1° Son apparition s’est manifestée en plusieurs circonstances. Il est apparu, d’abord, sur le mont Gargan, qui se trouve en Pouille, auprès de la ville de Manfrédonie. L’an du Seigneur 390, vivait dans cette ville un homme, nommé Garganus, qui possédait un énorme troupeau de bœufs et de moutons. Et comme ses troupeaux paissaient au flanc de la montagne, un taureau, laissant ses compagnons, grimpa jusqu’au sommet de la montagne. Garganus se mit à sa recherche, avec une foule de ses serviteurs, et le trouva enfin, au sommet de la montagne, près de l’entrée d’une caverne. Furieux, il lança contre lui une flèche empoisonnée ; mais celle-ci, comme repoussée par le vent, se retourna vers lui et le frappa lui-même. Ce qu’apprenant, la ville entière fut émue et vint demander à l’évêque l’explication du prodige. L’évêque ordonna un jeûne de trois jours, au bout duquel saint Michel apparut, et lui dit : « Sache que c’est par ma volonté que cet homme a été frappé de sa flèche ! Je suis l’archange Michel. J’ai résolu de me garder ce lieu ; et j’ai eu recours à ce signe pour faire connaître que j’en étais l’habitant et le gardien. » Aussitôt l’évêque, avec toute la ville, se rendit en procession sur la montagne. Et, personne n’osant entrer dans la caverne, on pria l’archange devant le seuil.
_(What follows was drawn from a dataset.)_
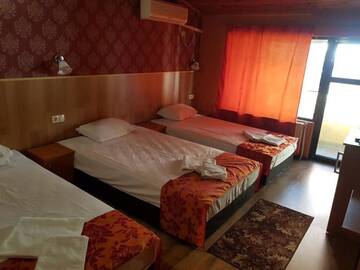 Фото номера Двухместный номер с 2 отдельными кроватями Отель Hotel Rai г. Стара-Загора 16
La seconde apparition eut lieu vers l’an du Seigneur 710, dans un lieu appelé la Tombelaine, qui est au bord de la mer, à une distance de six milles de la ville d’Avranches. Saint Michel apparut à l’évêque de cette ville et lui ordonna de lui élever une église en cet endroit. Et comme l’évêque doutait de l’endroit, exact ou devait être construite l’église, l’archange lui dit qu’elle devait s’élever à l’endroit où l’on trouverait un taureau caché par des voleurs. Or il y avait, dans cet endroit, deux roches qu’aucune force humaine ne pouvait soulever. Saint Michel apparut à un habitant, lui ordonna de se rendre en ce lieu, et de soulever les roches. Et l’homme les souleva aussi aisément que si elles n’avaient eu aucun poids. Ainsi fut construite cette église ; et l’on y transporta, de l’église du mont Gargan, une partie du manteau que l’archange avait déposé sur l’autel, et une partie du marbre sur lequel s’étaient posés ses pieds. Et, comme on manquait d’eau en cet endroit, l’archange dit de creuser un trou dans un rocher très dur ; et aujourd’hui encore l’eau en jaillit, avec une extrême abondance. Cette apparition est célébrée en ce lieu, le 17 novembre, par une fête solennelle.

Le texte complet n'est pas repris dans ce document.